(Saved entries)

^^^^

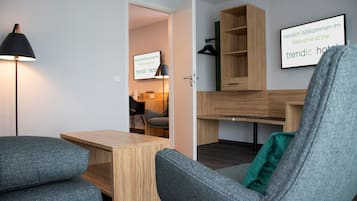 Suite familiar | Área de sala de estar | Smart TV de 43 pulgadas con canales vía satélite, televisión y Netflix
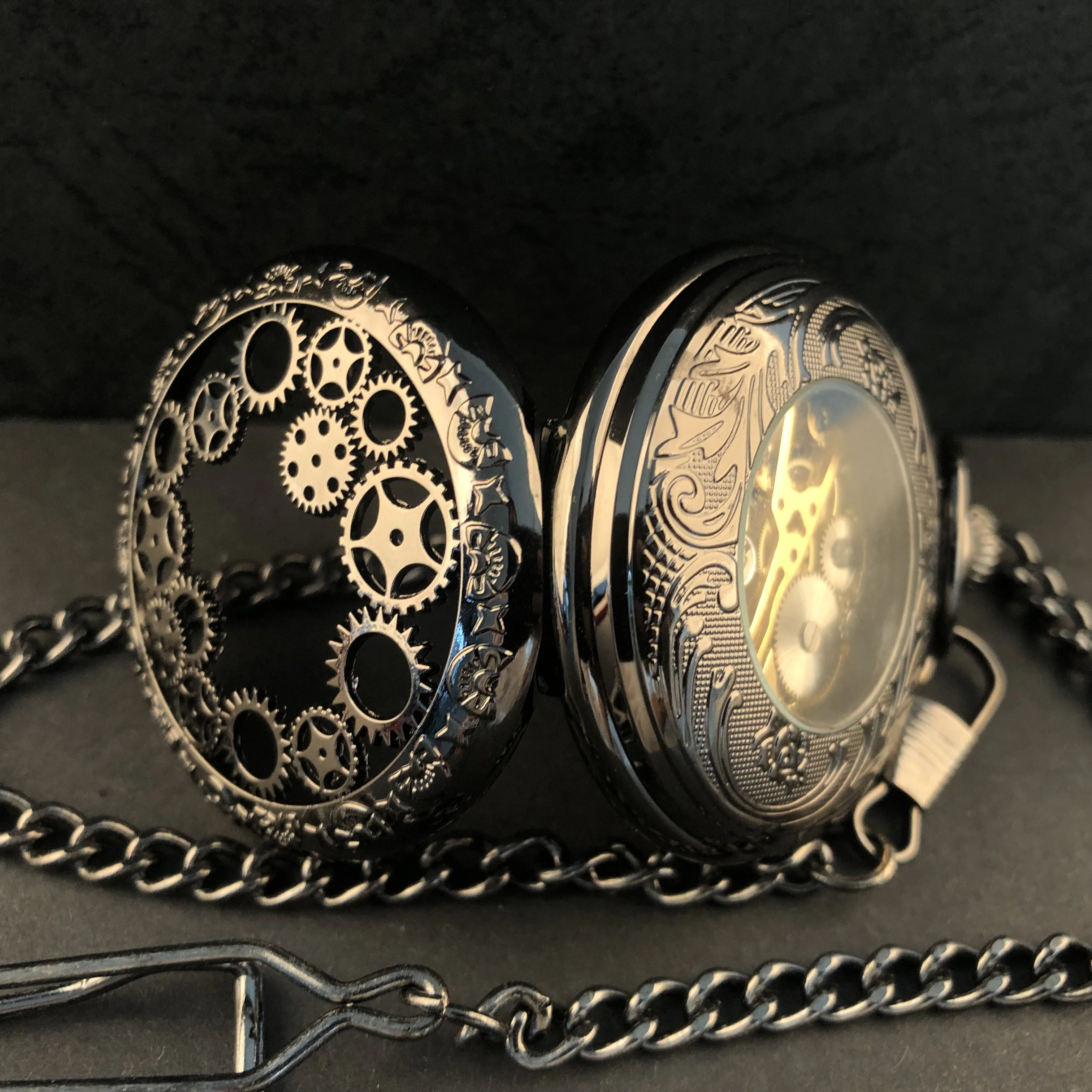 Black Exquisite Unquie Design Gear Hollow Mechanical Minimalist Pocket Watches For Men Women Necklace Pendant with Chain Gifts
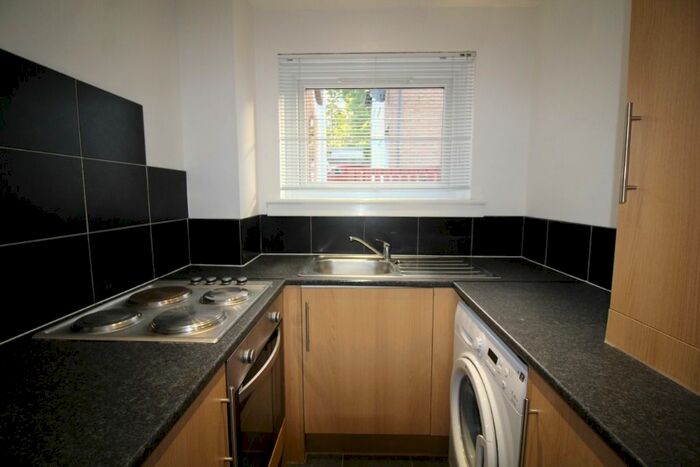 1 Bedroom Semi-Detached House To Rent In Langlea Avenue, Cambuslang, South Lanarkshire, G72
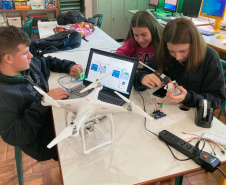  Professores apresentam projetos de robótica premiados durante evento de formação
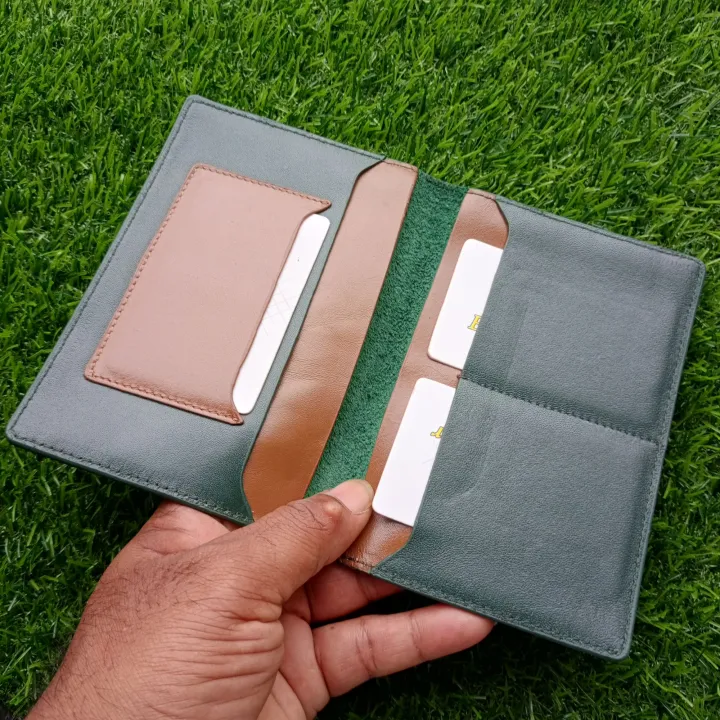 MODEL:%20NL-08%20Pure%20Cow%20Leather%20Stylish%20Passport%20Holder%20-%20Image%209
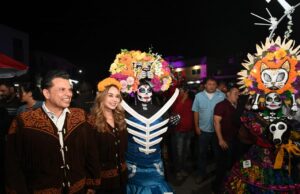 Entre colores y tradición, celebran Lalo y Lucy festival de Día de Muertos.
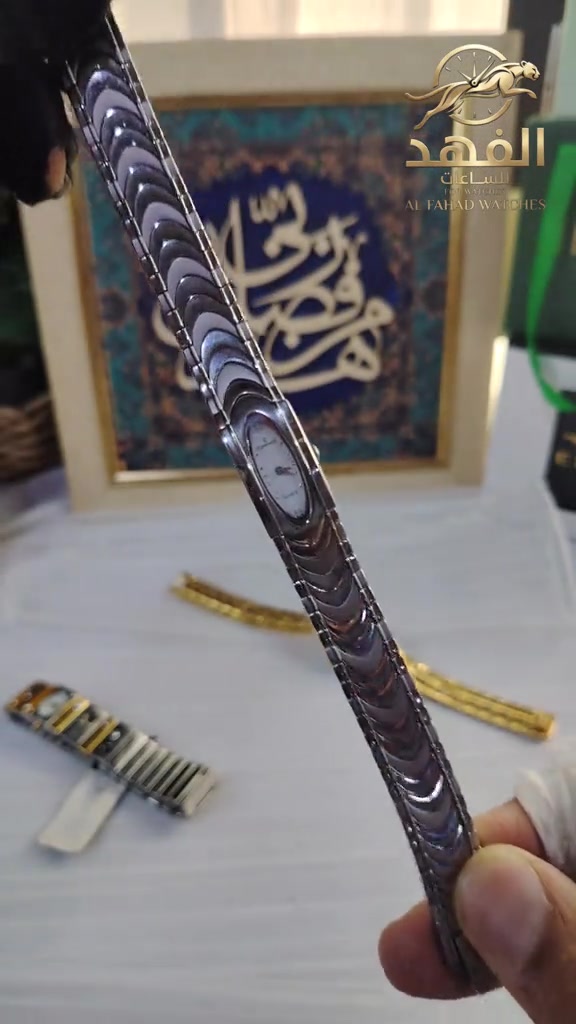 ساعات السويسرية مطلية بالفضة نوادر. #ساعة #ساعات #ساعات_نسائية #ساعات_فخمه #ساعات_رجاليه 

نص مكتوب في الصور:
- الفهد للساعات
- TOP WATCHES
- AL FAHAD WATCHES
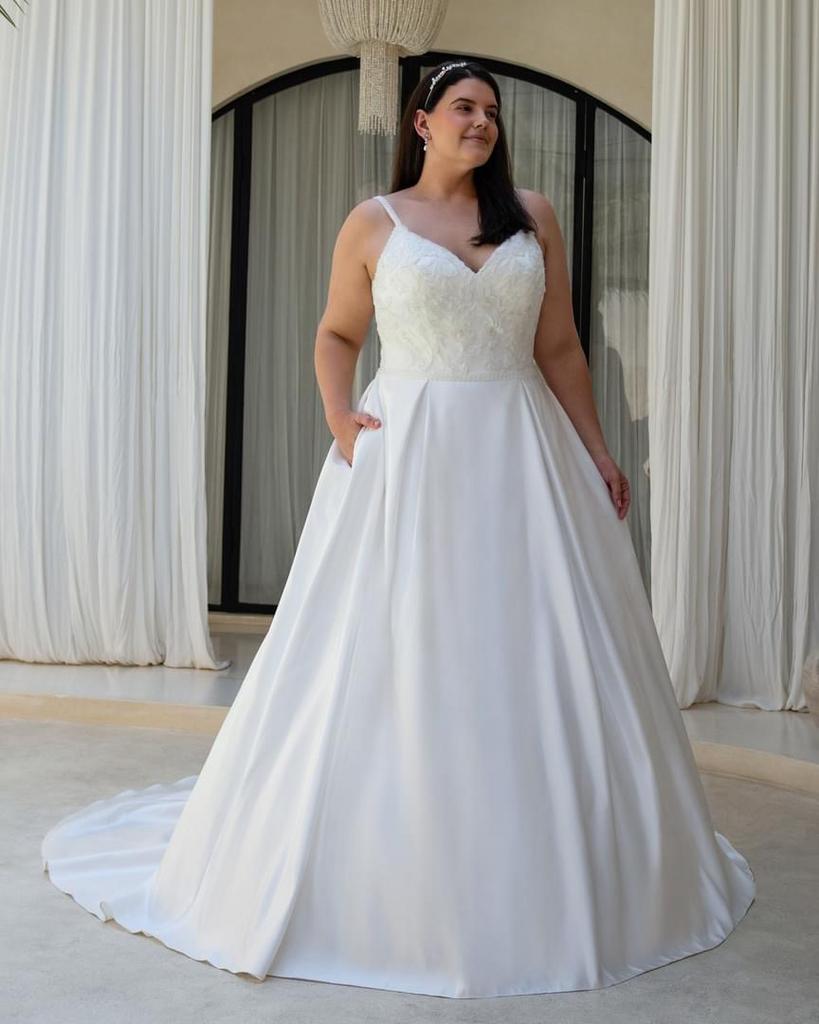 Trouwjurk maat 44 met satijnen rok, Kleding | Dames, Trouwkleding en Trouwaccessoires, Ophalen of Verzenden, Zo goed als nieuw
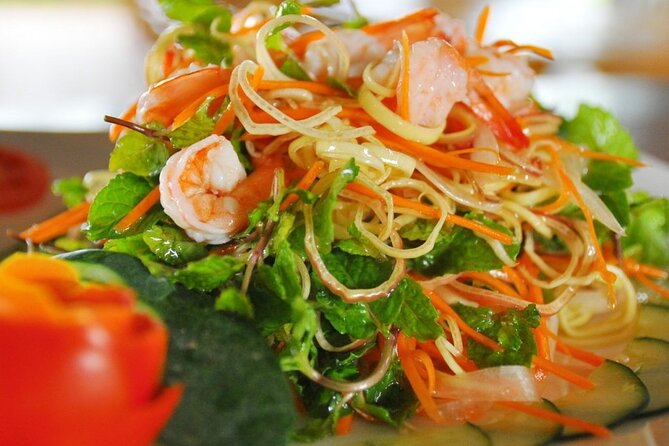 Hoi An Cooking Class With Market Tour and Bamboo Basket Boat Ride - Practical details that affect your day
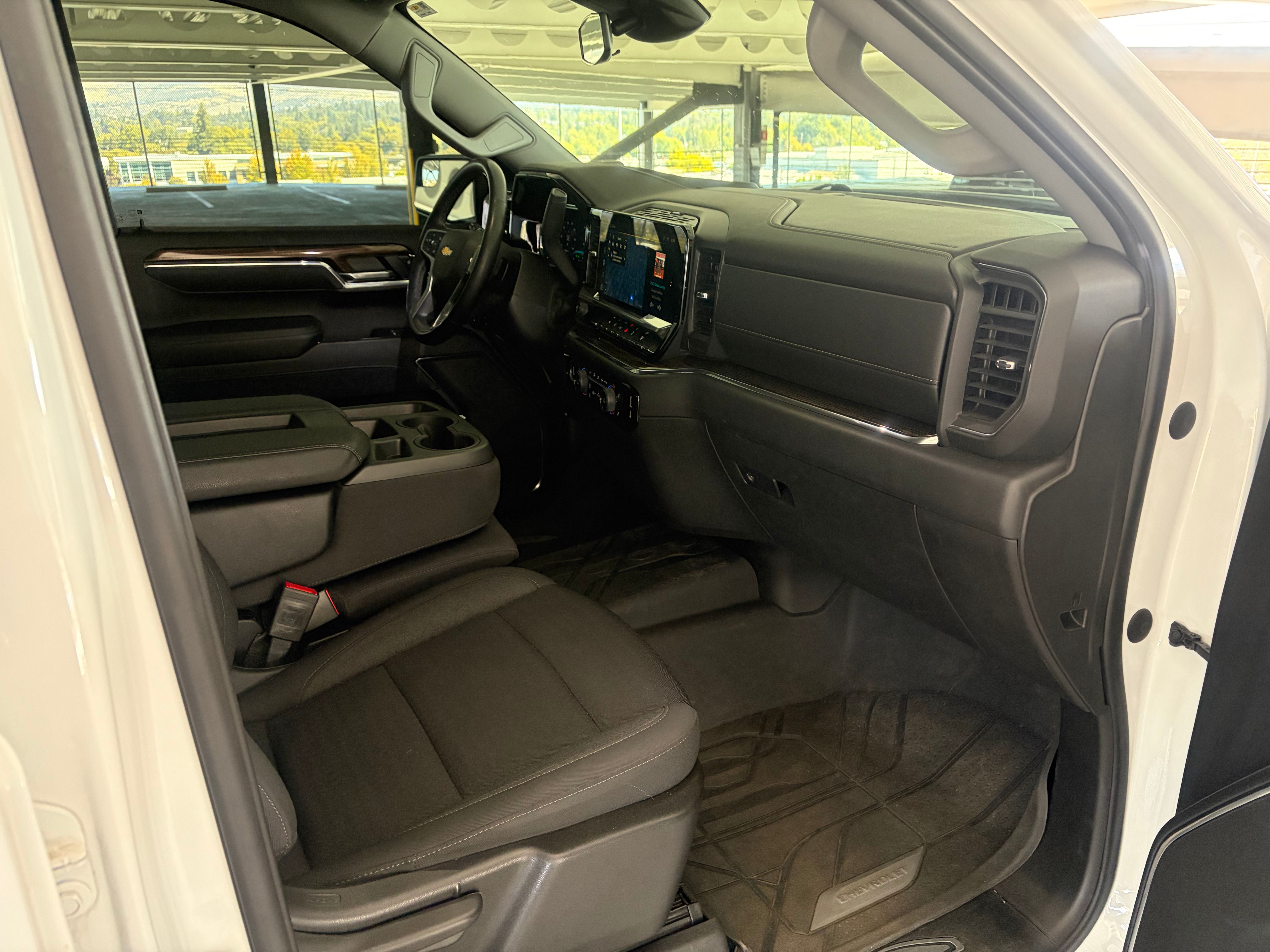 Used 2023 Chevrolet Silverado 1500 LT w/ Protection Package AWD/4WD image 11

^^^^

• [EXERCISE DETAILS]: Write out each entry exactly as given, omitting any picture.

• [SOLUTION BELOW]:
 Suite familiar | Área de sala de estar | Smart TV de 43 pulgadas con canales vía satélite, televisión y Netflix
 Black Exquisite Unquie Design Gear Hollow Mechanical Minimalist Pocket Watches For Men Women Necklace Pendant with Chain Gifts
 1 Bedroom Semi-Detached House To Rent In Langlea Avenue, Cambuslang, South Lanarkshire, G72
  Professores apresentam projetos de robótica premiados durante evento de formação
 MODEL:%20NL-08%20Pure%20Cow%20Leather%20Stylish%20Passport%20Holder%20-%20Image%209
 Entre colores y tradición, celebran Lalo y Lucy festival de Día de Muertos.
 ساعات السويسرية مطلية بالفضة نوادر. #ساعة #ساعات #ساعات_نسائية #ساعات_فخمه #ساعات_رجاليه 

نص مكتوب في الصور:
- الفهد للساعات
- TOP WATCHES
- AL FAHAD WATCHES
 Trouwjurk maat 44 met satijnen rok, Kleding | Dames, Trouwkleding en Trouwaccessoires, Ophalen of Verzenden, Zo goed als nieuw
 Hoi An Cooking Class With Market Tour and Bamboo Basket Boat Ride - Practical details that affect your day
 Used 2023 Chevrolet Silverado 1500 LT w/ Protection Package AWD/4WD image 11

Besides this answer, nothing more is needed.